The Doctor: Where’s the nearest town?
van Statten: Salt Lake City.
The Doctor: Population?
van Statten: One million.
The Doctor: All dead. If the Dalek gets out it will murder every living creature. That’s all it needs.
van Statten: But why would it do that?
The Doctor: Because it honestly believes they should die. Human beings are different, and anything different is wrong. It’s the ultimate in racial cleansing. And you, van Statten, you’ve let it loose!

The Daleks have always been extreme fascists – ‘the alien equivalent of Nazis’.[1] So strong is their hatred of anything different from themselves that when a group of renegade Daleks vies with the Imperial Daleks to find the Hand of Omega (‘Remembrance of the Daleks’, 1988), they want to destroy each other, as Ace explains:

Renegade Daleks are blobs. Imperial Daleks are bionic blobs with bits added. You can tell that Daleks are into racial purity. One lot of Daleks reckon the other lot of blobs are too different. They’re mutants. Not pure in their ‘blobbiness’ ... They hate each other’s chromosomes – war to the death.

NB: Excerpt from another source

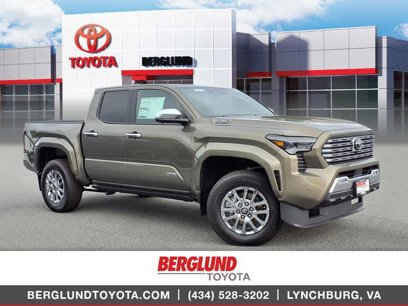 New 2025 Toyota Tacoma Limited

Russell T. Davies gives an interesting new twist to the Daleks at the end of the 2005 series. Reflecting the concerns of today’s world rather than old fears of Nazi fascism, he turns them into religious fundamentalists (‘Parting of the Ways’). The Emperor Dalek tells the Doctor that in order to rebuild his army, the Daleks have harvested ‘the waste of humanity. The prisoners, the refugees, the dispossessed – they all came to us. The bodies were filleted, pulped, sifted. The seed of the human race is perverted; only one cell in a billion is fit to be nurtured.’ Rose comments that the new Dalek army must be half-human, and is shouted down by Daleks accusing her of blasphemy. This prompts the Doctor to ask, ‘Since when did the Daleks have a concept of blasphemy?’ In reply, the Emperor echoes and parodies the God of the Bible, saying, ‘I reached into the dirt and made new life. I am the god of all Daleks!’ His followers chorus, ‘Worship him!’ and the Doctor comments, ‘They’re insane! Hiding in the silence for hundreds of years, that’s enough to drive anyone mad, but it’s worse than that. Driven mad by your own flesh – the stink of humanity. You hate your own existence, and that makes them more deadly than ever.’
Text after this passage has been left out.